The critical features have, at least in part, to be found empirically – for instance through interviews with learners and through the analysis of what is happening in the classroom – and they also have to be found for every object of learning specifically, because the critical features are critical features of specific objects of learning (Marton et al., 2004, p. 24).

The critical features (or aspects) are thus related to the specific content and linked to the pupils’ experiences of the object of learning. The critical aspects are not the same as pupils’

difficulties with the content taught; instead it is what pupils must be able to discern to

experience the object of learning in a certain way. One can thus identify critical aspects from the difficulties pupils exhibit by analysing the differences between ways of experiencing a phenomenon in terms of critical aspects discerned. When the critical aspects have been identified, the teaching must be planned to make it possible for pupils to experience patterns of variation that highlight the critical aspects of the object of learning.

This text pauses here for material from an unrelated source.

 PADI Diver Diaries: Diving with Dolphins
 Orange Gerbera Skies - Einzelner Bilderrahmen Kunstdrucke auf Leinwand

Evaluating technical solutions

Technical functions are closely linked to human intentions and activities. In the user context, it is mainly the object’s function in relation to the realization of the goal or purpose that is important, whereas the physical nature of the object is of minor importance. From an engineering perspective, however, the function of a technical object is mainly related to its physical nature, since it realizes or performs the function (de Vries, 2005; Kroes, 2002). A main task of engineer’s is to design, develop and produce physical objects or systems that can achieve specific functions. These functions are often described in terms of criteria that the designed object must meet. The results in terms of technical solutions can be varied and some fulfill the function better than others. In the same way, some materials are better suited than others for use in a particular object in order to fulfill the function. Knowledge of functions as well as knowledge of the relationship between function and physical nature thus have

3 evaluative elements, since knowledge of functions of objects is not about what they do, but rather what they ought to do (Jones, Buntting & de Vries, 2011).

Although there is limited access to research on pupils’ understanding of technical solutions (Frederik, Sonneveld & de Vries, 2011), results indicate that pupils in both primary and secondary education have difficulties in understanding the link between physical nature and function, as well as the fitness for purpose (Compton & Compton, 2011). Oboho & Bolton (1991) studied how pupils in the 11-16 age range judged whether an artifact designed was a

“good” or “bad” design. The younger pupils tended to respond more in terms of function than physical structure, stating what they could do with artifacts in a concrete operational way.

The thinking appeared to go on towards structural terms with increasing pupil age,

implicating that structure possibly is an understanding of function in a more comprehensive manner. Cajas (2001) highlights the need of research on how young children learn about functional properties of materials and states that young children have problems in

distinguishing the properties of the object from the properties of the material from which the object is made. A contribution to the field is a study by Chatoney (2008), observing pupils, aged 6-7, and their development of knowledge about materials during activities comprising designing and making a toy. The analysis was based on the relationships between material and object, and teacher-pupil interactions. Results show that knowledge about materials has a central position in this kind of activity. The knowledge is introduced in the beginning of the activity, as soon as the functions are defined, and it is viable throughout the entire process.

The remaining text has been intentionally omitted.